In the copy, include all of the listing exactly and none of its pictures.

### Exercise data
========================

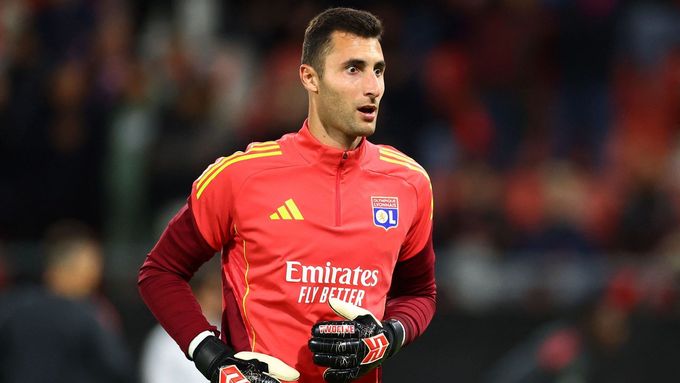 Slovenský brankář Dominik Greif v dresu Lyonu.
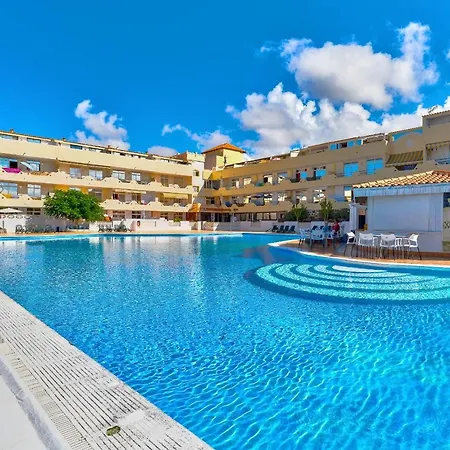 Marina Palace Адехе
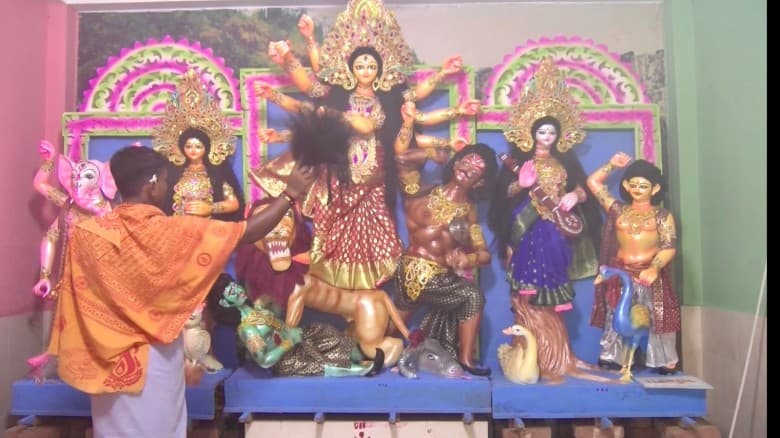ষষ্ঠীর আনুষ্ঠানিকতায় রাজশাহীতে শারদীয় দুর্গোৎসব শুরু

========================

### Result
 Slovenský brankář Dominik Greif v dresu Lyonu.
 Marina Palace Адехе
ষষ্ঠীর আনুষ্ঠানিকতায় রাজশাহীতে শারদীয় দুর্গোৎসব শুরু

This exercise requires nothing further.